Synthesize API

The Synthesize endpoint retrieves compressed, relevant context from all memory layers for a given query. This is how your agent recalls what it has learned.

When you call Synthesize, the retrieval engine searches across recent events, compiled artifacts, and entity knowledge. It ranks results using an 8-signal scoring system (semantic similarity, temporal recency, frequency, salience, provenance quality, entity overlap, session relevance, and confidence). Results are then packed into a context pack that fits within your specified token budget.
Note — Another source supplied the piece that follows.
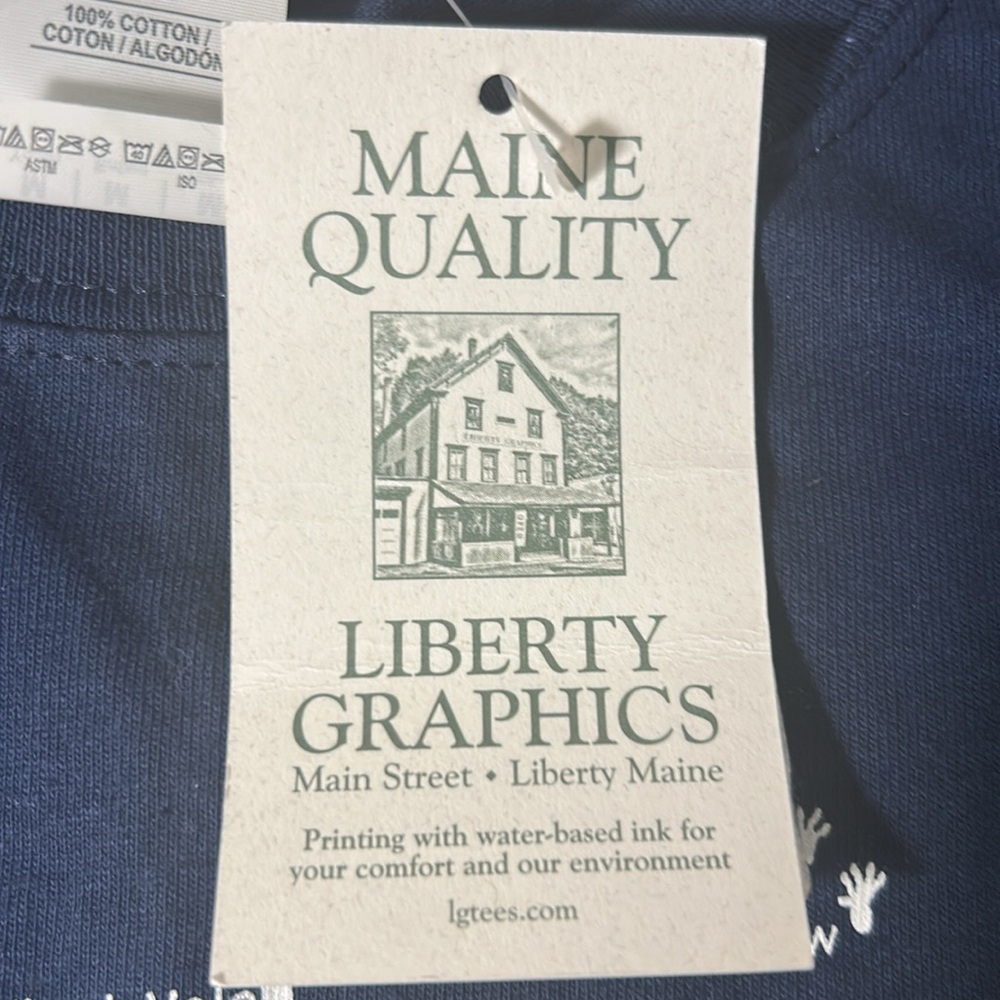 Footprints of Maine glow in the dark graphic printed tee size medium - Picture 5 of 9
The output is organized into sections (procedures, failures, decisions, facts, causal patterns) so your agent receives structured, actionable context rather than a raw dump of memories.

POST /v1/synthesize

curl -X POST https://api.hippocortex.dev/v1/synthesize \
  -H "Authorization: Bearer hx_live_..." \
  -H "Content-Type: application/json" \
  -d '{
    "query": "deploy payment service to production",
    "options": {
      "maxTokens": 8000,
      "sections": ["procedures", "failures", "decisions"],
      "minConfidence": 0.5,
      "includeProvenance": true
    }
  }'

Request Body

Field	Type	Default	Description
`query`	string	(required)	The query to synthesize context for
`options.maxTokens`	number	4000	Token budget for the response
`options.sections`	string[]	all	Which sections to include
`options.minConfidence`	number	0.3	Minimum confidence threshold (0-1)
`options.includeProvenance`	boolean	true	Attach source references

Available Sections

Section	What It Contains
`procedures`	Relevant task schemas and step sequences
`failures`	Failure playbooks matching the query
`decisions`	Decision policies and conditional rules
`facts`	Known facts and entity information
`causal`	Causal patterns and relationships
`context`	General background context

Response

{
  "ok": true,
  "data": {
    "packId": "pack-abc123",
    "entries": [
      {
        "section": "procedures",
        "content": "To deploy the payment service to production:\n1. Run test suite\n2. Build Docker image\n3. Push to registry\n4. Update deployment\n5. Verify health check",
        "confidence": 0.87,
        "provenance": [
          {
            "sourceType": "artifact",
            "sourceId": "art-deploy-001",
            "artifactType": "task_schema",
            "evidenceCount": 12
          }
        ]
      },
      {
        "section": "failures",
        "content": "Known issue: deployment can fail if Redis connection pool is exhausted. Recovery: restart Redis and increase pool size.",
        "confidence": 0.92,
        "provenance": [...]
      }
    ],
    "budget": {
      "limit": 8000,
      "used": 3200,
      "compressionRatio": 12.5,
      "entriesIncluded": 5,
      "entriesDropped": 2
    }
  }
}

The budget object shows how the token budget was allocated. compressionRatio indicates how much raw knowledge was compressed to fit. entriesDropped shows how many lower-ranked entries were excluded to stay within budget.

How Retrieval Works

The retrieval engine evaluates each candidate memory against 8 signals:

Semantic similarity to the query
Temporal recency (recent memories score higher)
Frequency of the pattern across events
Salience of the source events
Provenance quality (how well-supported the knowledge is)
Entity overlap with the query
Session relevance (same session context scores higher)
Confidence of the compiled artifact

Results are sorted by combined score, then packed into sections until the token budget is exhausted. Higher-confidence entries are included first.

Best Practices

Set appropriate token budgets. Account for your model's context window minus your prompt and expected output.
Use section filters when you only need specific types of context (e.g., only procedures and failures for a deployment task).
Check the budget response. If entriesDropped is high, consider increasing maxTokens or narrowing the query.
Use provenance for debugging. The sourceId links back to the artifact that produced each entry, which traces further to source events.